Once the seed is planted, the roots gather information to feed the social media presence. Listening before the organization throws out content is the most important part of any social media presence. Learn about the audience, similar organizations, the community. What do they care about? What are their needs, interests, and questions? This information is constantly changing. Constantly monitoring the landscape keeps social media channels relevant and engaging.
The social media strategy through which all information is funneled and housed is like the trunk of the tree. After learning about what the audience wants, decide how it will be presented to them. How much of the information will be brand, community, lifestyle, programs, etc.? What channels will it be posted on?
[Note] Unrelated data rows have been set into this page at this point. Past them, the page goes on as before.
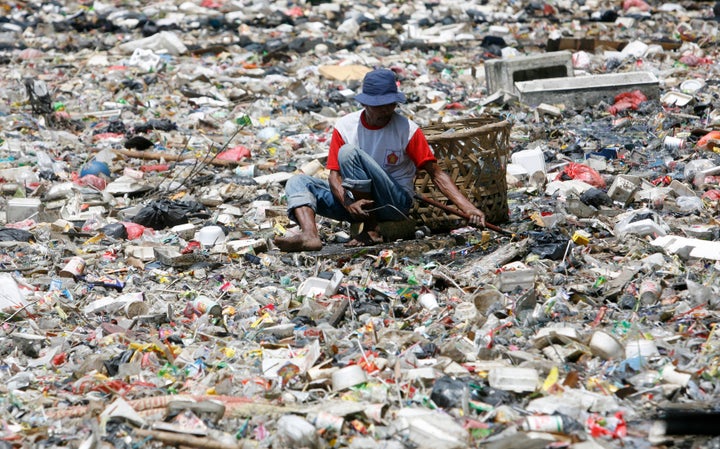 A man collects plastic goods in a river littered with garbage in Jakarta.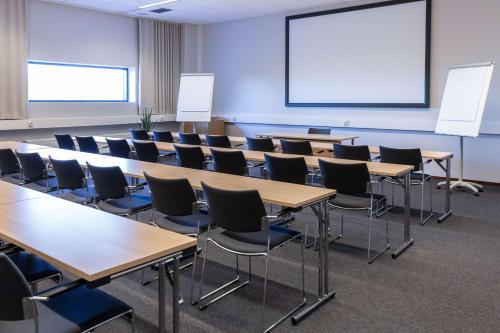 a classroom with tables and chairs and a projection screen at Scandic Helsinki Aviacongress in Vantaa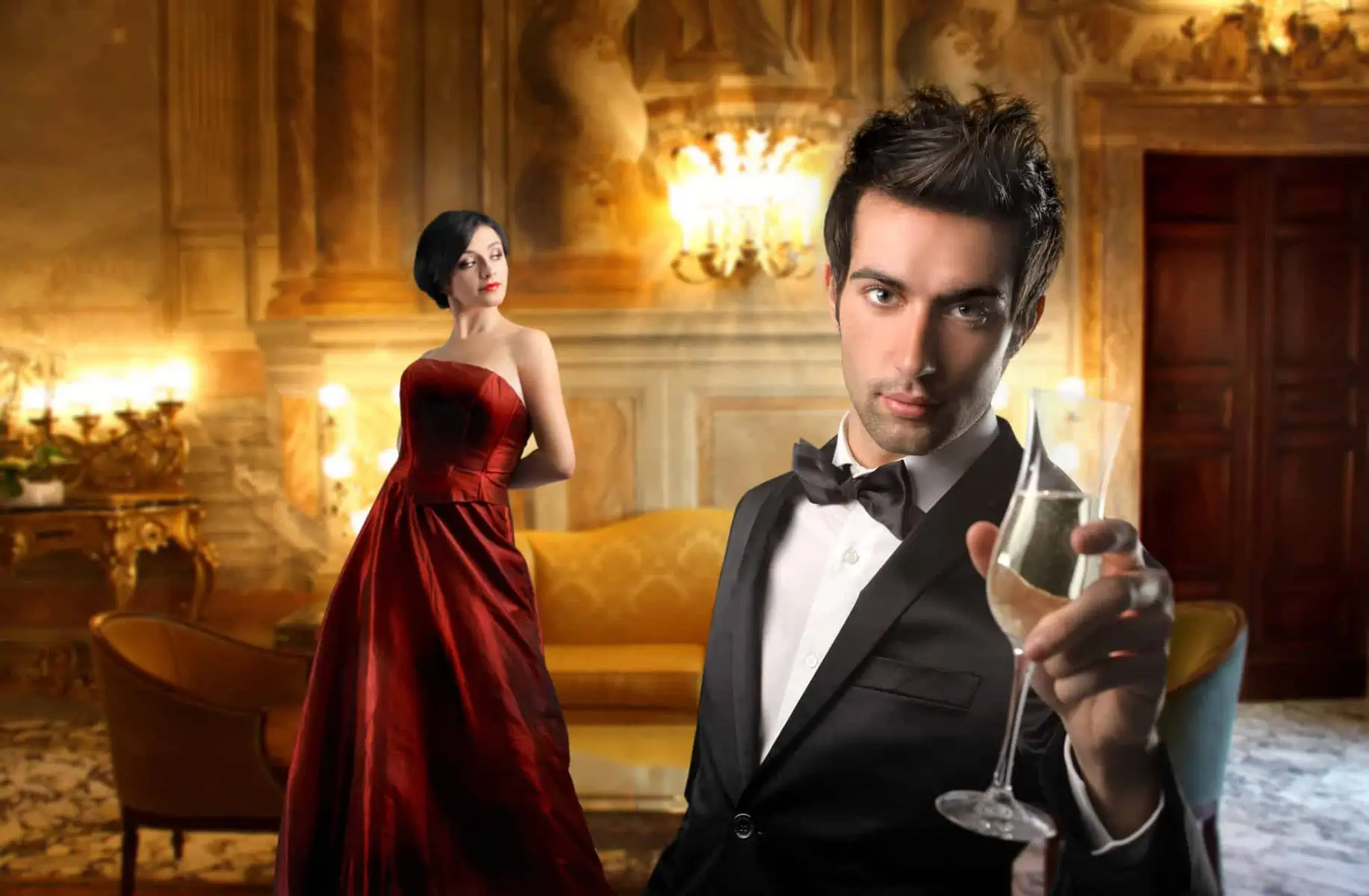 A man in a tuxedo holding a wine glass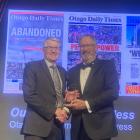 Otago Daily Times editor-in-chief Paul McIntyre (left) accepts the award for best editorial...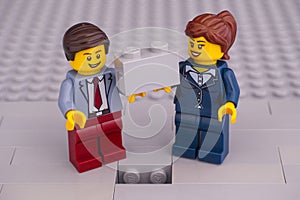 Lego businessman and businesswoman minifigures with brick ready to finishing gray building wall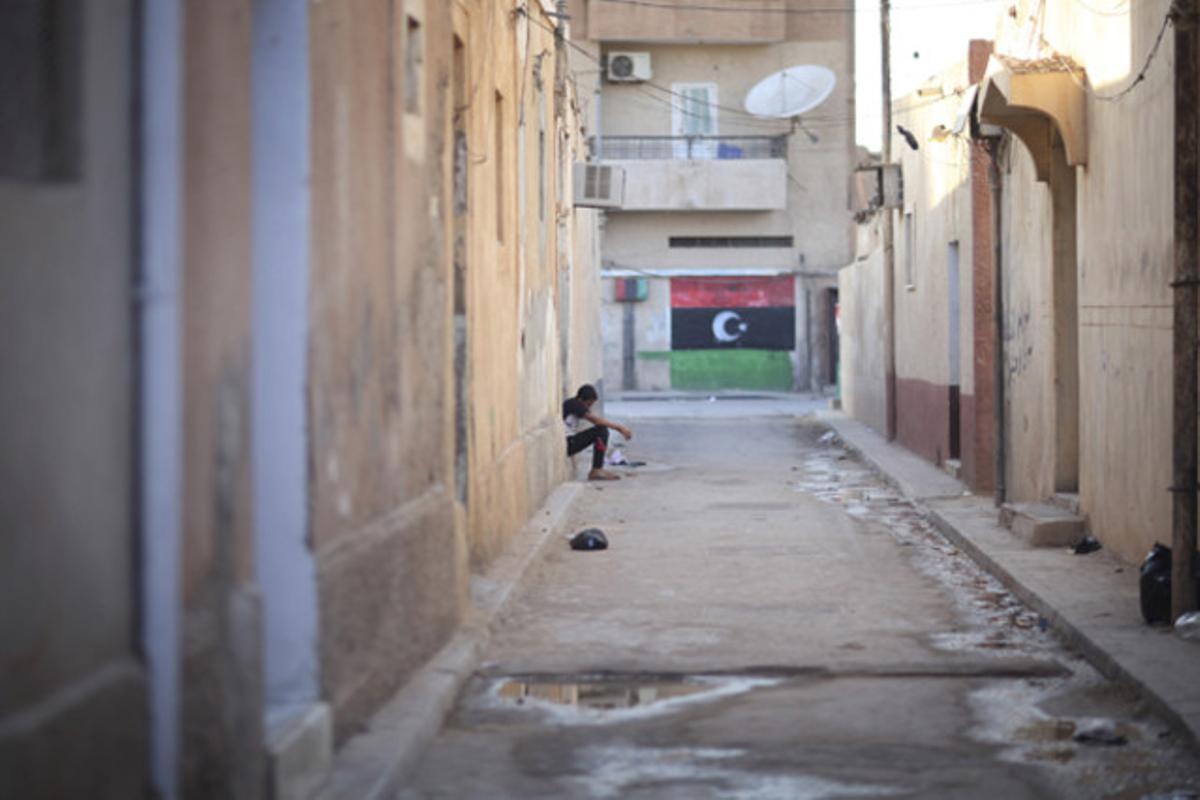 Un jove libi descansa en un portal al costat d’una pintada a favor de Gaddafi a la ciutat rebel de Bengasi, a Líbia.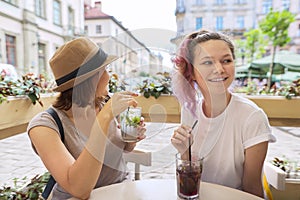 Two women in outdoor cafe talking, drinking summer ice cold drinks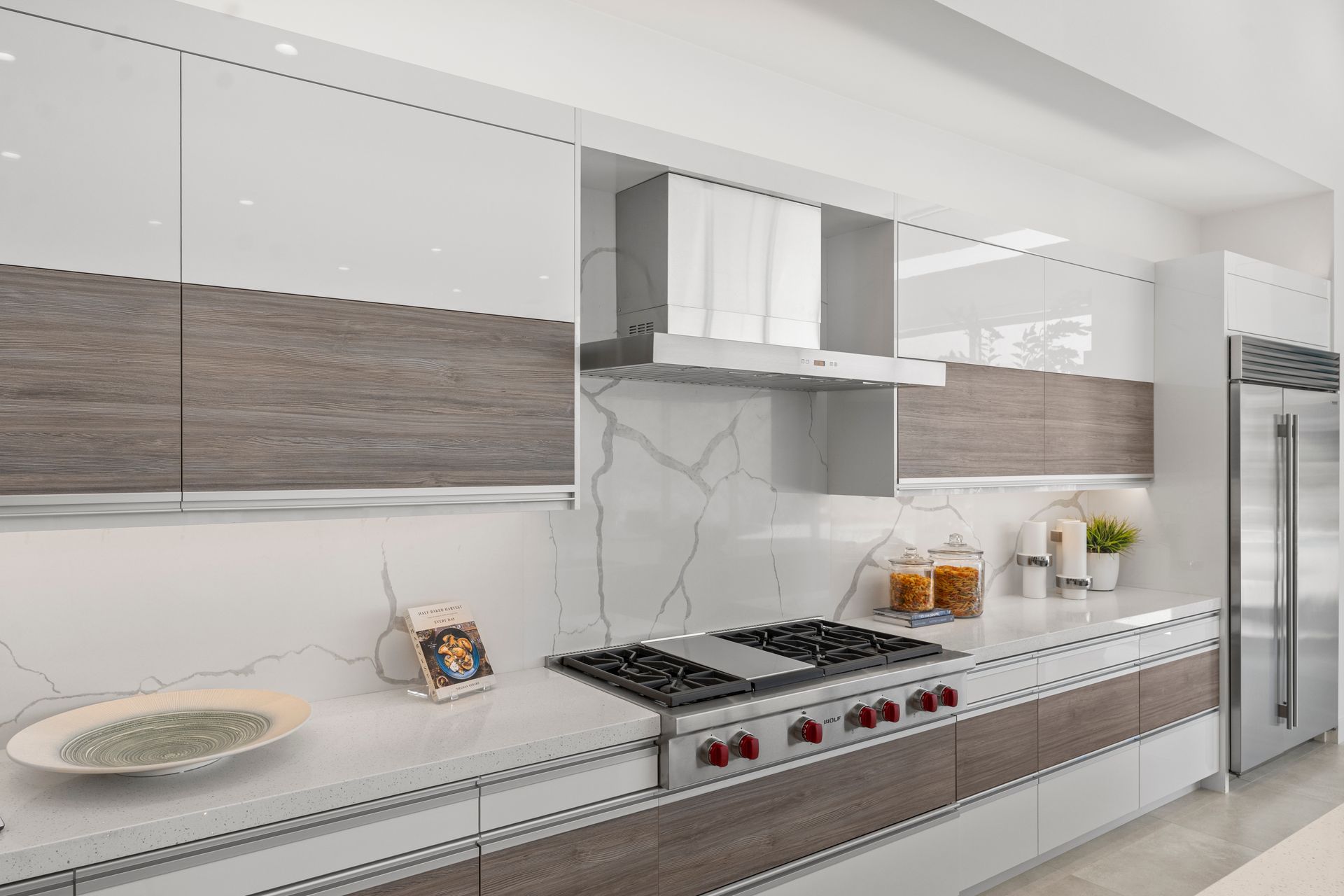 A modern kitchen featuring white and wood-grain cabinets, a marble backsplash, and stainless steel appliances.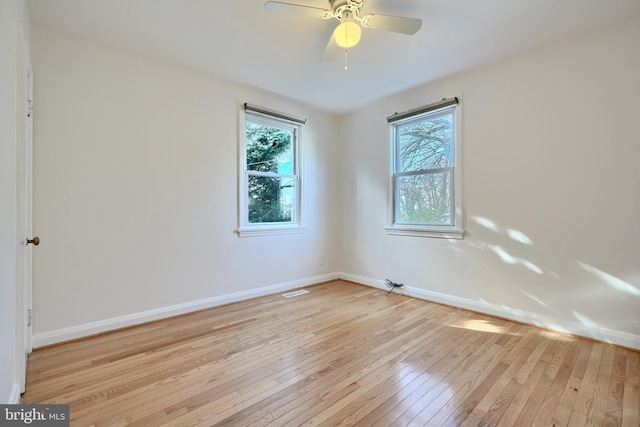 unfurnished room with ceiling fan and light hardwood / wood-style floors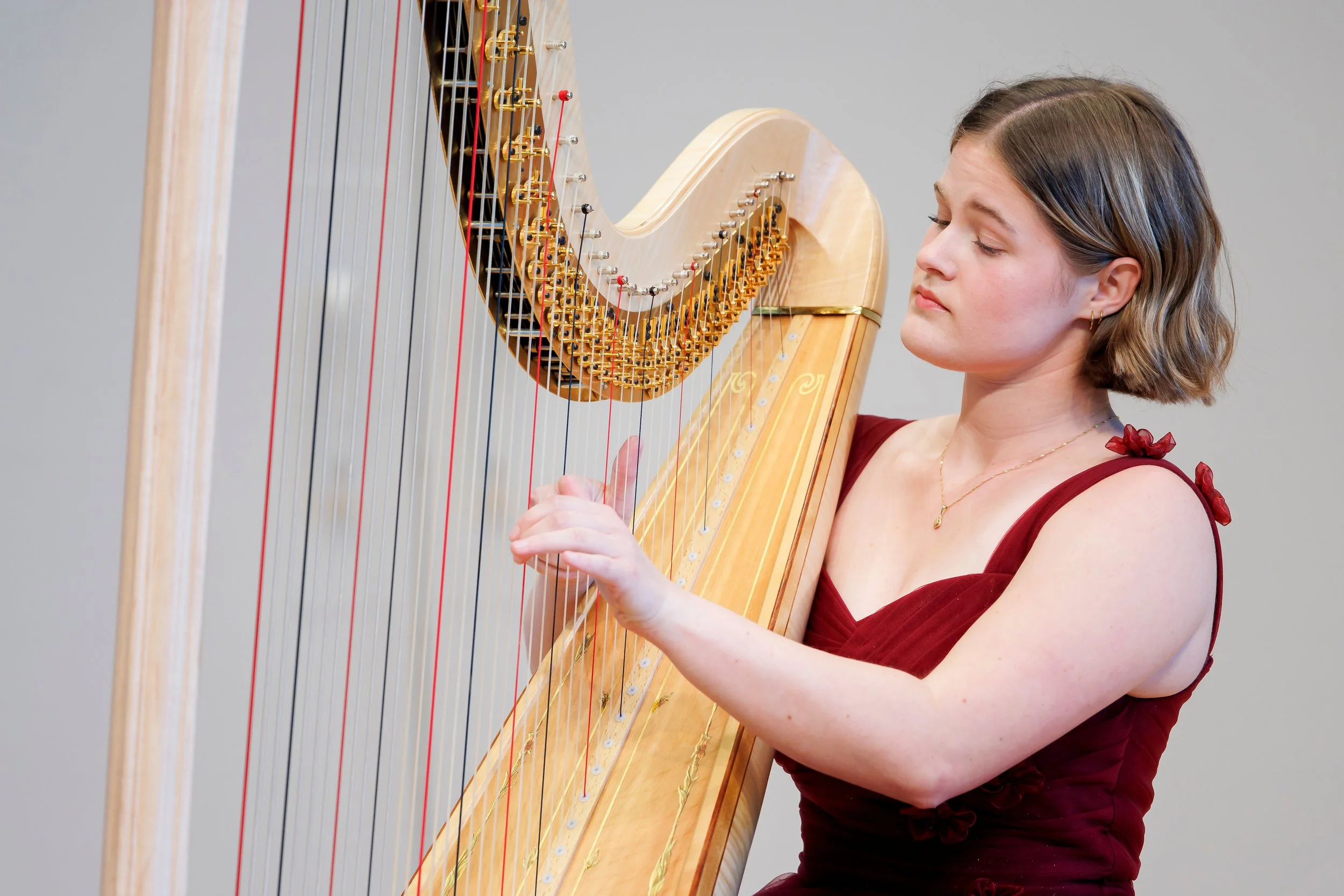 A woman playing a harp with her eyes closed, wearing a red dress, in front of a gray background.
When will it be posted? To protect the trunk, you need bark. The execution plan and online content posting tool is like the bark. If you decide to post three times a day on Twitter, then devise a plan for when, who, and how it will be posted. There are a myriad of online platforms available to cultivate, organize, schedule, and post content. Choose one that fits the organization, follow the protocol, and post accordingly. Without the bark, the trunk is exposed and opportunities for growth are missed.
The main branches of the tree represent the content being posted through social media channels. Choosing channels that will best reach your target audience is essential to a successful social media presence. If you want to reach qualified volunteers and millennials, LinkedIn is a great place to start. Posting once a week on Pinterest is not.
The content that you post is like the leaves and the audience is like the sun. Properly placing the leaves to soak up the sun gives the tree life. However, the positioning of the leaves and their quality clearly starts from the ground up. The better the leaves are placed, the more sun the tree receives and the more the tree grows. Social media works very similarly. Post content your audience loves, and they’ll show that love by engaging with your channels.
At Phil, we frequently see organizations with withered, unloved, or nonexistent social media trees. They come to us for help. “But my personal social media account does well”, “I’m sharing interesting content and no one seems to care”, “I can’t find anything/ don’t know what to post”. These organizations approach social media by gathering withered leaves (content) and tossing it back into the wind, expecting something will take root. Without reflection, listening, and careful thought, a successful social media strategy has no chance to grow.
Growing a tree is not an immediate process. However, once the tree is grown and healthy, it is sustainable and its growth is directly related to the sustenance it receives. You get what you give.